Ce qu’on n’attendoit pas.


Aimable et bienveillant lecteur, je t’amuse, j’en suis sûr, autant que mes collègues t’ennuient ; et si, trompé par les analogies ou abusé par une méprise, tu as pris mon livre pour un autre, et que tu l’ayes employé pour provoquer l’époque d’un sommeil trop lent, je gagerois qu’au lieu de ce repos cherché dans une lecture soporifique, tu as trouvé des sensations très-vives, de l’agitation, et peut-être… !

Au reste, si tout cela ne te convient pas, et que l’insomnie dont tu pourrois m’accuser te fatigue, aye recours à quelque bon journal, au Magasin dit encyclopédique, au Mercure, à l’Écriture sainte de Laharpe, au cousin Jacques ou à Dumoutier : si, au contraire, la variété de mes tableaux et de mes anecdotes te procure un plaisir qui puisse te faire oublier Morphée et ses pavots, suis-moi dans mes érotiques et plaisans récits, qui ne sont pas aussi fabuleux qu’ils en ont l’air, et qui intéressent plus d’un personnage circulant par le monde, sans songer qu’un Sylphe observateur aye pu révéler ses aventures.

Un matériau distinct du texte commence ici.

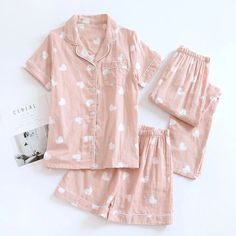 pajamas three-piece set short sleeves shorts trousers – lastrafashion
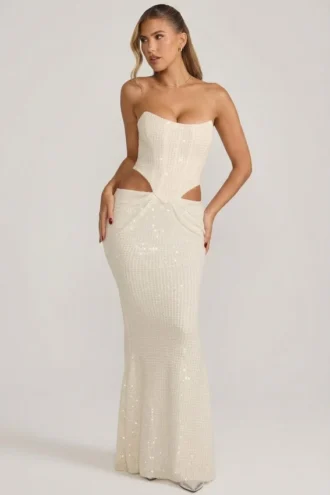 Saphira Embellished Cut-Out Draped Corset Gown in White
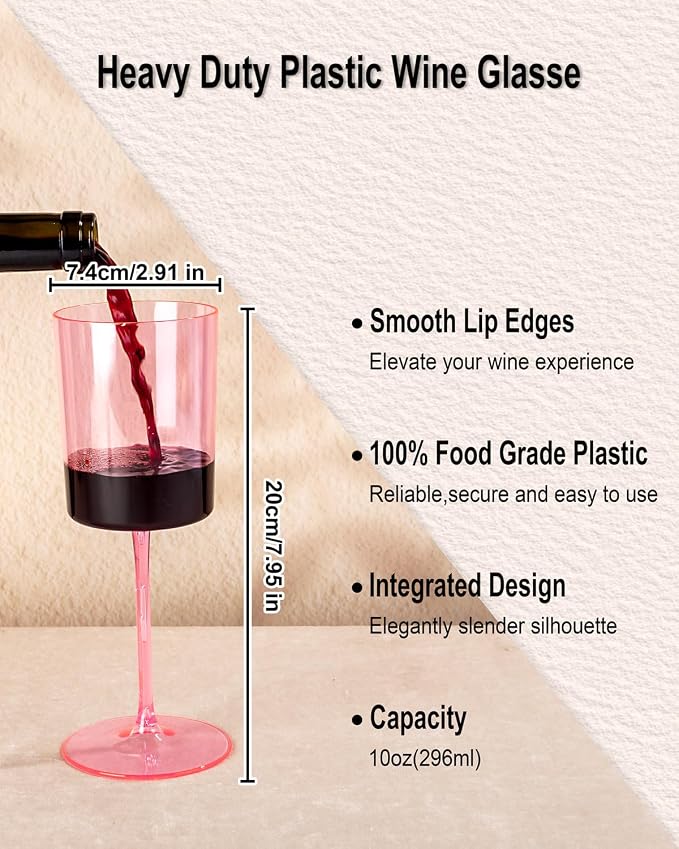 Ciaell 12 Pack Pink Plastic Wine Glasses for Weddings Outdoor Gatherings | 10 oz Pink Stemmed Cups, Heavy Duty Plastic, Wine Champagne Cocktails Mimosas for Parties Birthdays Bars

Lorsque ce Sylphe eut réjoui Bel-Rose par son dernier récit, mon ami, lui dit-il, la belle saison touche à sa fin ; sylphe dans ce monde et diable dans l’autre, il faut que je remplisse ma double destinée : souffrez donc que je vous quitte pour quelque tems et que je me livre à un emploi sur la nature duquel il est inutile de vous instruire. Je vous rejoindrai dans les premiers jours du printems, époque à laquelle nous pourrons continuer nos observations ; en attendant, gardez cet anneau, et usez-en, si cela vous convient, pour quelques promenades nocturnes et bonnes fortunes qui pourront plus patiemment vous faire supporter les chagrins causés par mon absence. Lorsque le brillant de l’anneau sera dirigé de manière à vous être opposé, vous serez, comme nous l’avons été pendant tout notre voyage, entièrement invisible à tous les yeux ; élevé alors au suprême degré de la sylphirie, profitez de votre heureuse situation, donnez les plus jolis rêves, entourez la beauté de toutes les images du plaisir, et préparez long-tems et avec les plus voluptueux détails, les derniers momens du bonheur. Suivez en tout le législateur de Cythère, votre gentil Bernard qui a dit :

Mais redoutez, possesseur trop heureux.
L’excès fatal d’un tribut amoureux.
Qu’un salamandre en ses premiers vertiges,
Tombe énervé en contant ses prodiges ;
Un sage athelette au combat plus certain,
Retrouve au soir les combats du matin ;
Silène a but ; mais la soif qui lui reste
Surnage encor sur la coupe céleste.
Aimons ainsi ; l’amour doit avec soin
Laisser grossir le torrent du besoin.
Que le vainqueur, dans les courses d’Elide,
Arrive au but du pas le plus rapide ;

Qu’un amant soit pour remporter le prix,
Lent à la course, aux tournois de Cypris.
Dans mes plaisirs, c’est vous que je préfère,
Jeux suspendus, plaisirs que je diffère !
Durant un siècle, aux portes du desir,
Éternisons la chaîne du plaisir.

Que ces jolis vers, mon cher Bel-Rose, vous servent de plan de conduite ; au reste, je ne borne les avantages que vous donne le magique anneau que par une condition. Vous ne dérangerez personne, pas même un mari ; et le premier de vos exploits, celui qui vous ouvrira la carrière des faciles plaisirs, doit faire connaître à un cœur entièrement novice et virginal, les prémices du bonheur et de l’amour. Y pensez-vous, répondit Bel-Rose ; vous voulez donc me condamner au célibat jusqu’à votre retour ? Le diable sourit, mais ne changea rien à sa proposition : du reste, ajouta-t-il, si d’après mes conditions la carrière des plaisirs vous paraît trop difficile à courir, engagez-vous dans celle de l’observation ; profitant du talisman qui vous rend invisible, pénétrez dans tous les lieux les plus cachés, découvrez des crimes, des travers ; allez étudier l’homme dans ses retraites les plus impénétrables, et faites servir à son histoire plusieurs faits et anecdotes qu’il n’appartient qu’à un sylphe de connaître et de découvrir. À mon retour, je vous retrouverai avec des sens reposés et un esprit enrichi et perfectionné par de curieuses observations. Bel-Rose murmura, mais n’obtint rien du diable, qui partit en lui indiquant l’aurore du printemps, pour époque de son retour.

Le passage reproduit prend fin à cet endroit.